Fifty-one studies reported sex-specific prevalence of CKD. [2729, 32, 3739, 44, 46, 48, 50, 5255, 57, 58, 61, 64, 6871, 78, 79, 82, 83, 85, 87, 9294, 98, 100103, 105, 106, 108, 110, 115, 119] Male mean (95%CI) CKD prevalence, for studies that defined 5 stages of CKD, was 12·8%(10·8–11·9%) and for studies that used stages 3 to 5 it was 8·1%(6·3–10·2%). Female CKD prevalence for studies that defined CKD by stages 1 to 5 was 14·6%(12·7–16·7%) and for studies that used stages 3 to 5 it was 12·1%(10·6–13·8%). Thirty-eight studies [2729, 32, 3739, 44, 46, 50, 55, 64, 6971, 78, 79, 83, 85, 87, 92, 98, 100103, 105, 106, 108, 110, 115, 119] reported that CKD was more prevalent in women than in men with the pattern reversed in thirteen studies. [39, 44, 48, 5254, 57, 58, 61, 68, 82, 93, 94]

Quality

The methodological quality of studies ranged from 32·1% [31] to 92·9%. [4, 68] No study complied completely with the STROBE guidelines and the mean(SD) quality was 69·6(12·5)%.

Quality of serum creatinine measurement was assessed. Two studies scored 100%- four methods. [115, 122] Thirty-six studies scored 0% [3032, 34, 39, 40, 48, 49, 52, 5760, 62, 64, 71, 72, 74, 76, 81, 82, 85, 87, 89, 92, 95, 102, 103, 105, 106, 109, 113, 116, 117], thirty-five studies scored 25%-one method-[2, 28, 29, 33, 3538, 41, 43, 47, 51, 53, 61, 65, 6770, 75, 7779, 83, 84, 97100, 108, 110, 114, 121], twenty-seven scored 50%-two methods-[4, 27, 42, 44, 46, 50, 5456, 66, 74, 80, 88, 90, 101, 104, 107, 111, 112, 118, 119, 123] and ten scored 75%-three methods. [10, 45, 63, 73, 86, 91, 93, 94, 96, 120]
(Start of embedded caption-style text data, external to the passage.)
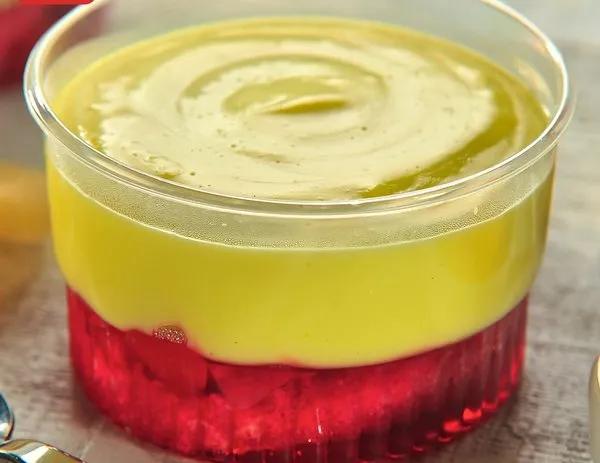 Jelly with Custard - Safi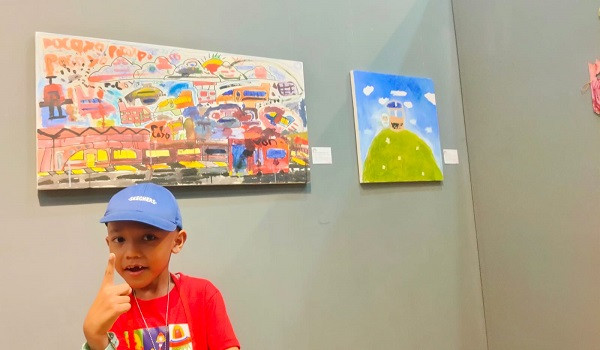 GoNews.co Patricio Noel dengan karyanya.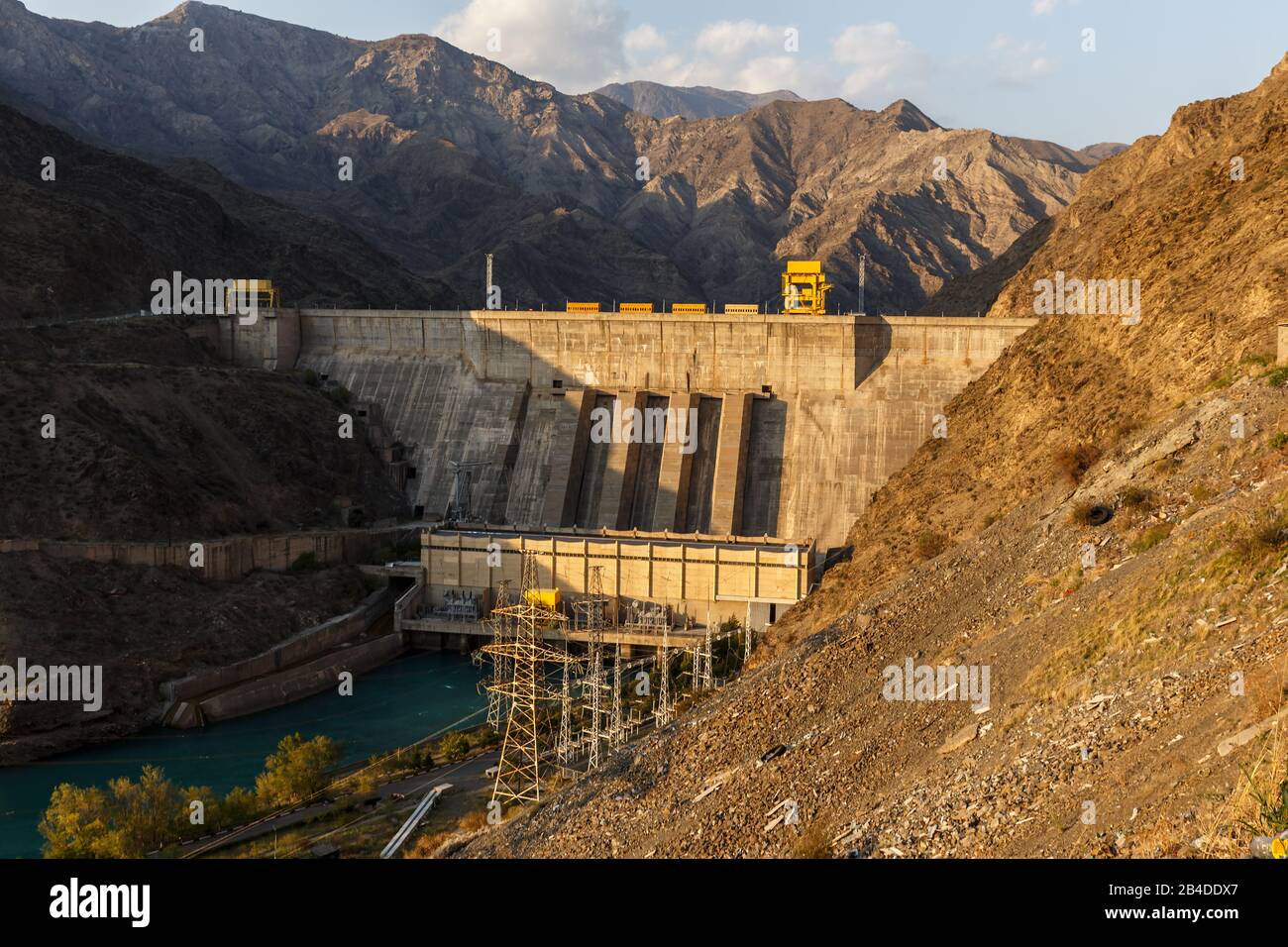 Centrale idroelettrica sul fiume Naryn in Kirghizistan. Foto Stock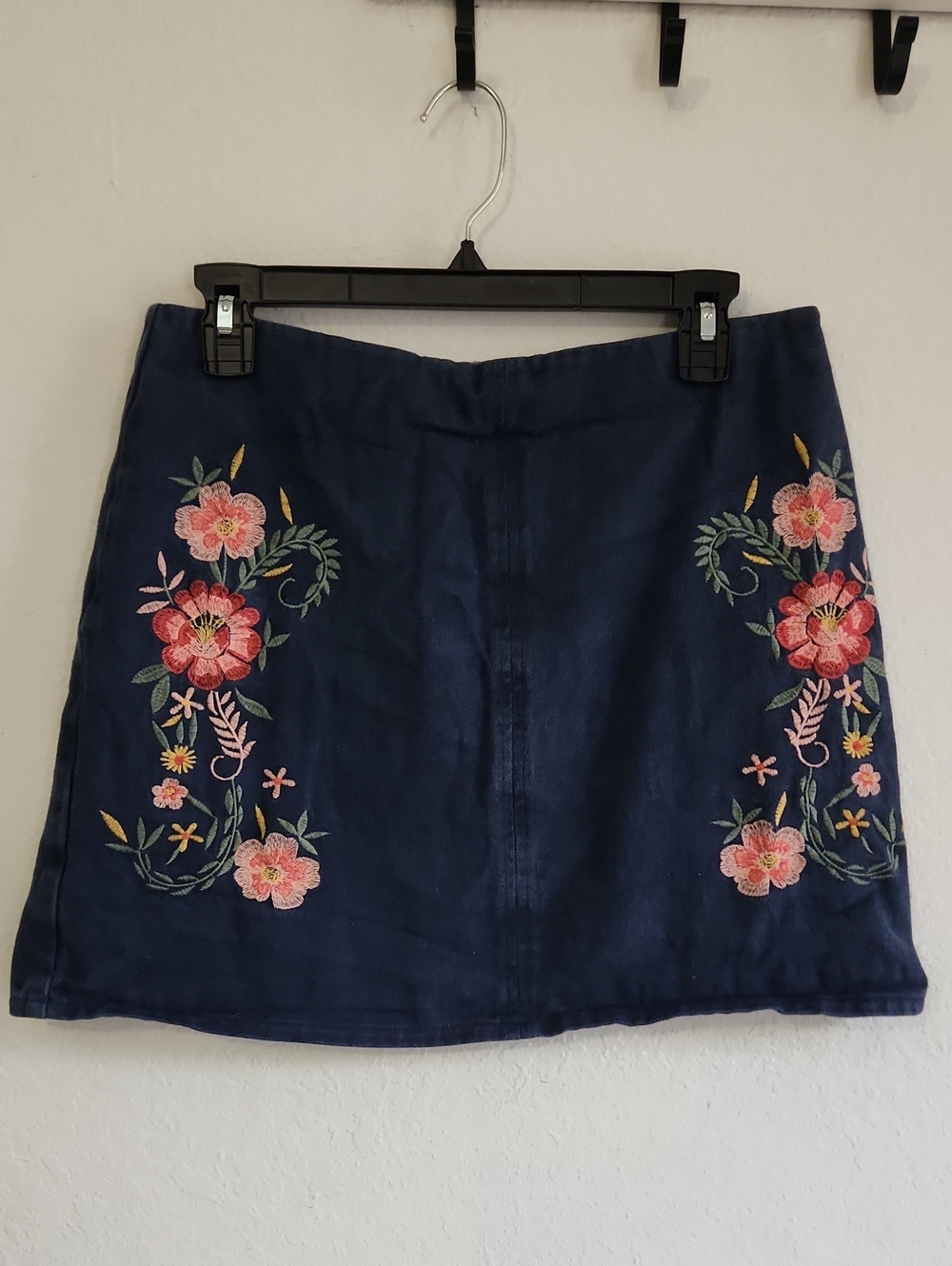 Boho Western Floral Embroidered Dark Wash Denim Mini Skirt L 100% Cotton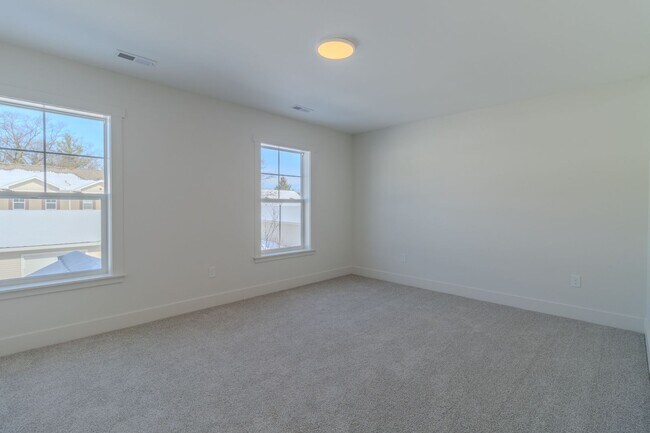 Building Photo - 1548 Simsbury St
Sensitivity analyses determined no difference in the prevalence estimate of CKD when using only high quality studies, studies that used double measures of creatinine only or studies that had two or more factors for the measurement of creatinine.

Discussion

CKD prevalence Stages 1 to 5 was 13·4% and 10·6% in stages 3 to 5. This systematic review is the first meta-analysis of CKD prevalence globally and provides a comprehensive overview of the current literature. These estimates indicate that CKD may be more common than diabetes, which has an estimated prevalence of 8·2%. [124] However, the reported prevalence of CKD varied widely amongst the studies and had high heterogeneity.
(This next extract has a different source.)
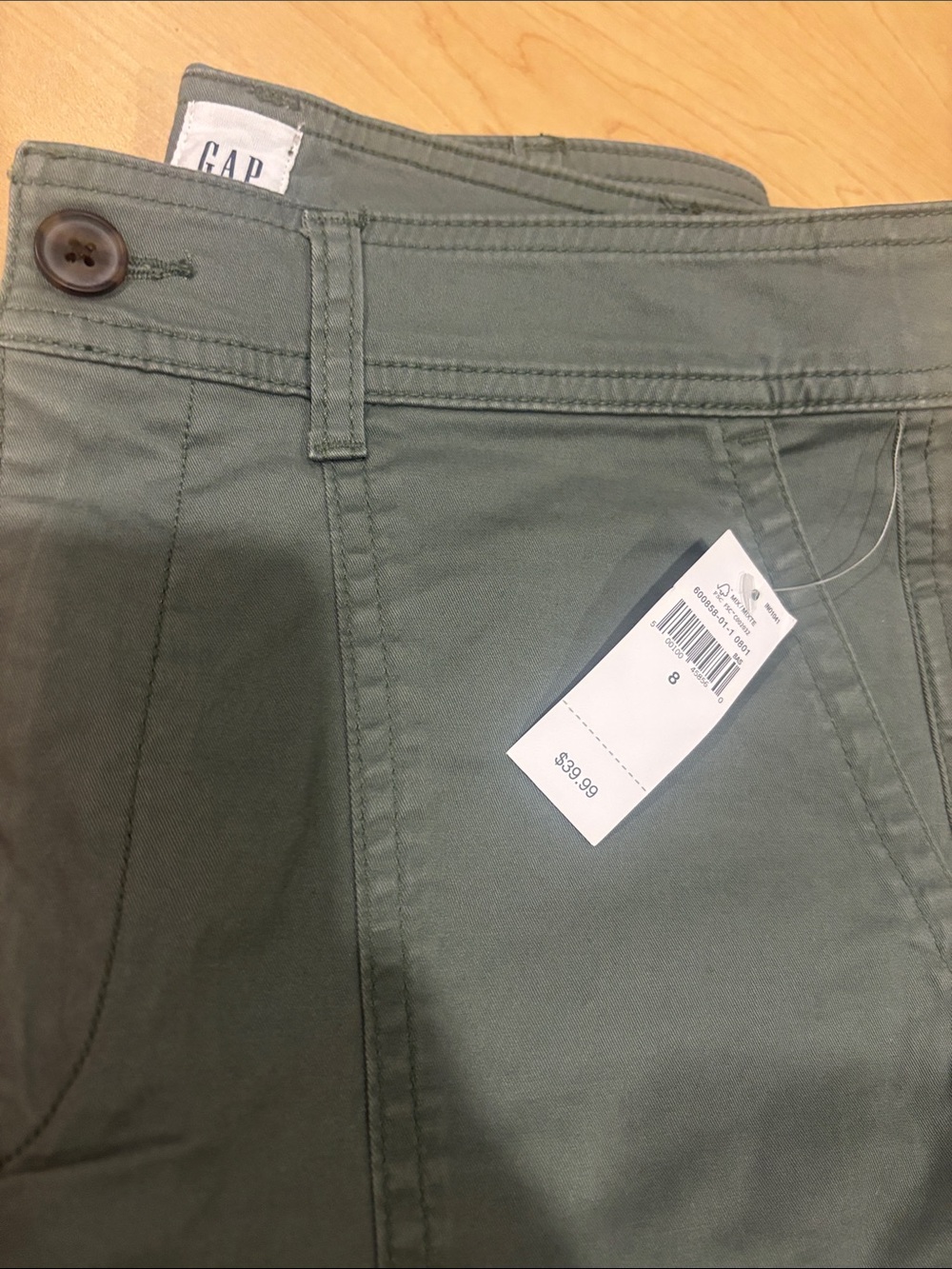 GAP - Women’s High-Rise Utility Shorts in Slate Green Gap for Good - Picture 2 of 2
CKD was more prevalent in women than in men. Two-thirds of studies -that reported gender-specific CKD prevalence- determined higher prevalence in women. Women, in general, have less muscle mass than men and muscle mass is a major determinant of serum creatinine concentration. However, the GFR estimation equations adjust for gender differences, using a correction factor for women. These findings add to the existing literature that recognise a gender-specific difference between CKD prevalence. [125127]However, these data cannot answer why this may occur. We can speculate that this finding may be partially explained by selection bias inherent within the studies due to a different age demographic for the two sexes. Alternatively it may be due to complex factors in the disease pathology that are not captured within the studies. Or that there is in fact more renal disease in men but the eGFR equations preferentially identify renal disease in women in the stage 3 zones.
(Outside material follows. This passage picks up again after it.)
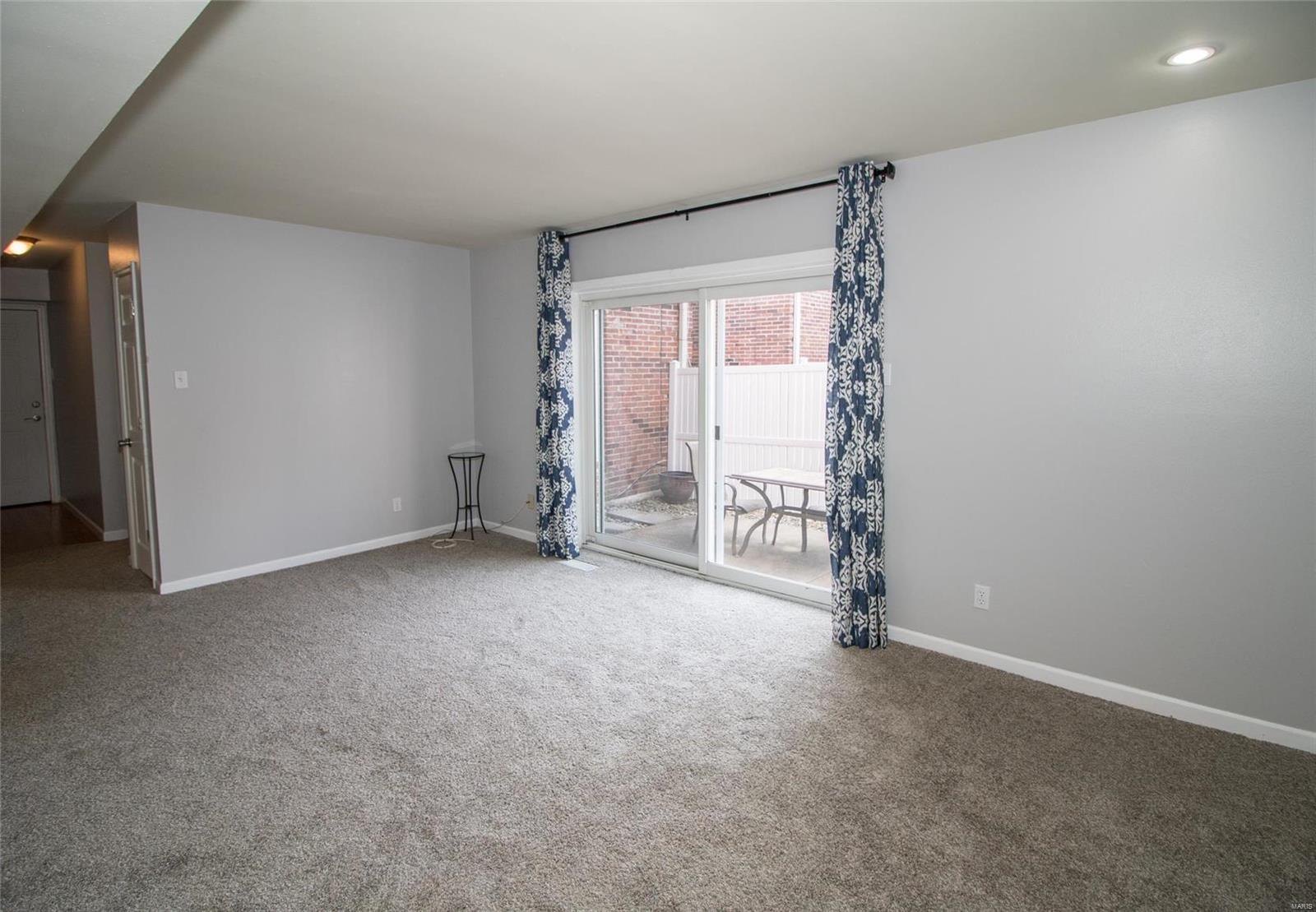 Sunset Hills Condo - Residential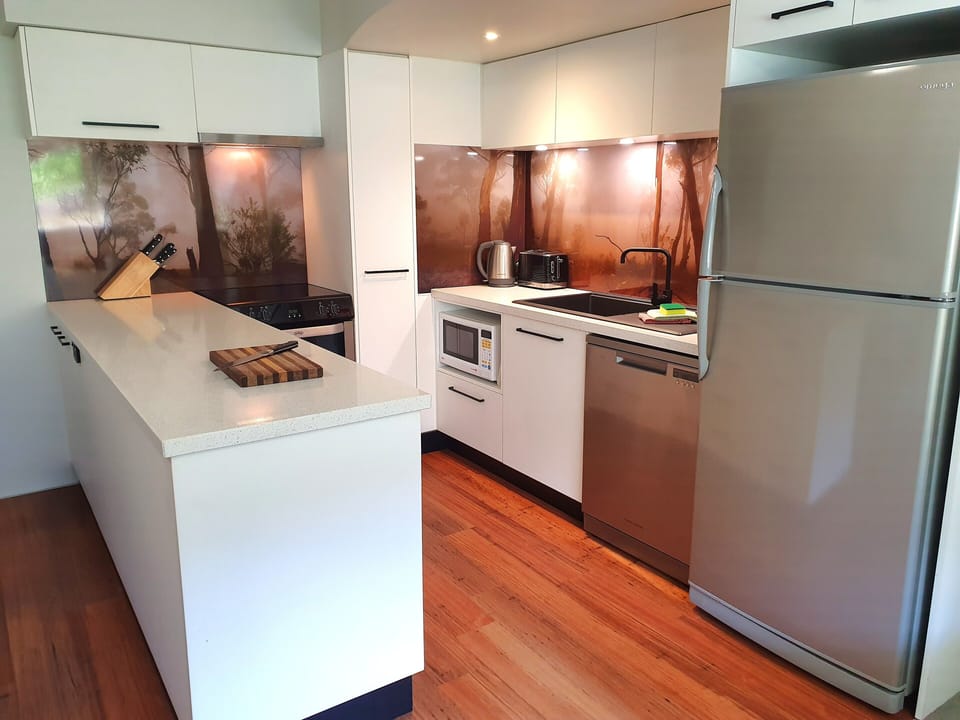 8 share Terrace 3 Bedroom | Private kitchen | Fridge, microwave, oven, stovetop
Studies that were outliers in terms of reported results were of interest. Smoking was found to be negatively associated with CKD prevalence but this finding was negated when a single outlier was removed. The outlier [120] was a study in which smoking was defined as >100 cigarettes ever and thus 69·1% were smokers. A Spanish study [106] (n: 7202, Quality: 52%, CKD: 21·3%) reported 66.7% hypertension prevalence within the population compared with a global mean (from all other studies) of 31·1%. Hypertension was not defined any differently. Further, 31.5% of their sample population had diabetes and 31.1% were obese. The population was reported as unrestricted older population but although it was older than other studies (mean age 60·6yrs) these rates of co-morbidity are unexpected and were not explained. A number of studies had very high prevalence of CKD (>30%) the highest of these was a Canadian study (n: 123,499, Quality: 52%, CKD: 36·4%), a laboratory audit of patients over 65 years. The prevalence observed may be due to selection bias as the mean age of this cohort was 74 years, with 23% diabetes in the sample population, two factors associated with renal decline.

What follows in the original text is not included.